WHAT YOU HAVE TO DO: Restate verbatim the span of lines below between the line with "Lot de 2 chaises" and the line with "Uniross LR1 Alkaline", including those two lines, and only that span.
----- TASK MATERIAL
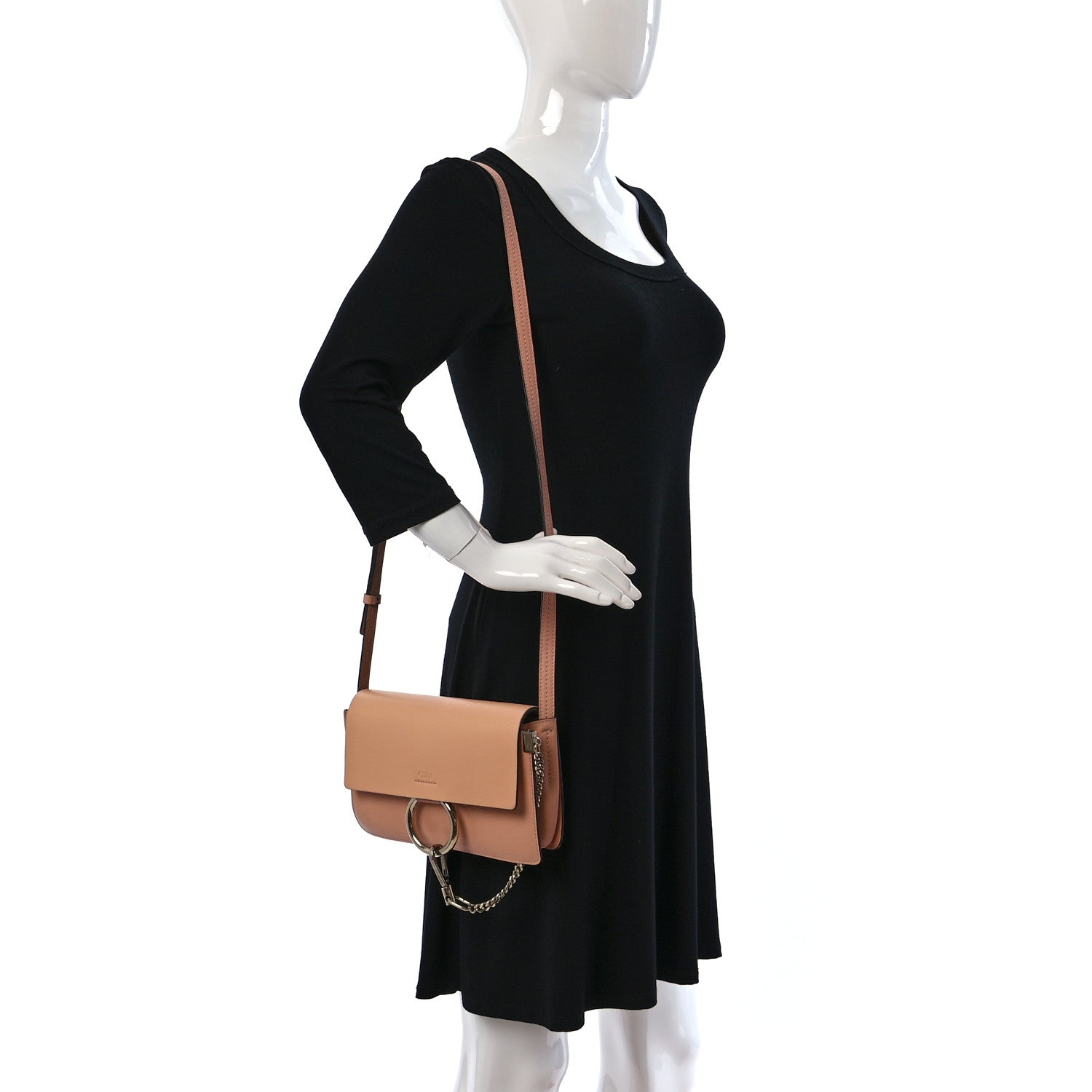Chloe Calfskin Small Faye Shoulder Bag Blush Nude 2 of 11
----------
----- TASK MATERIAL
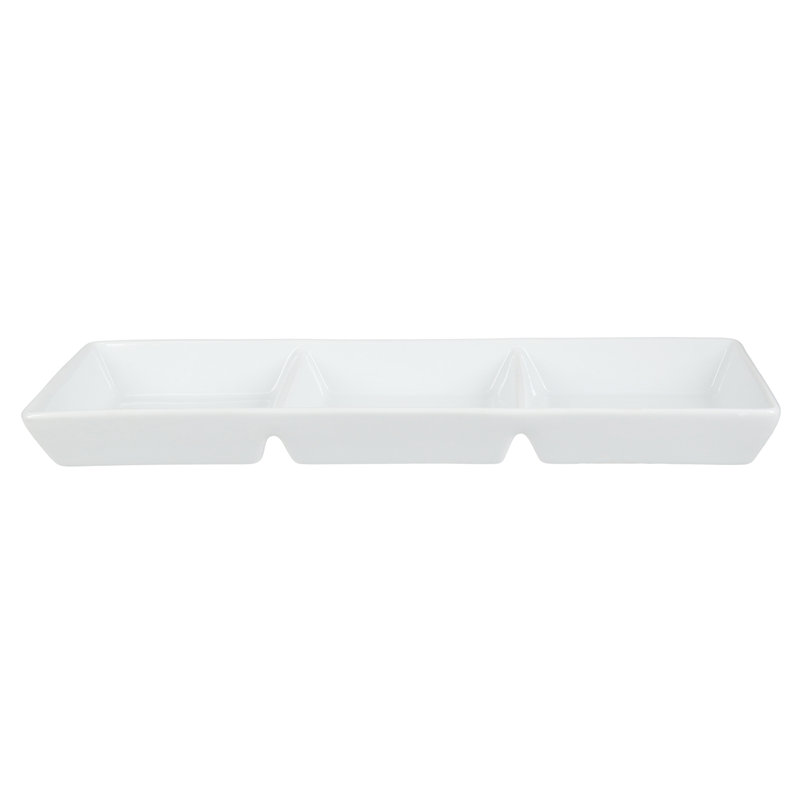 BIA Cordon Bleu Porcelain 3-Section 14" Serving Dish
----------
----- TASK MATERIAL
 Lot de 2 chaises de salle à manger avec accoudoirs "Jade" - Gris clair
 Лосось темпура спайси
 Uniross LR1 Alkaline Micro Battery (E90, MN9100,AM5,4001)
----------
RESULT BELOW:
 Lot de 2 chaises de salle à manger avec accoudoirs "Jade" - Gris clair
 Лосось темпура спайси
 Uniross LR1 Alkaline Micro Battery (E90, MN9100,AM5,4001)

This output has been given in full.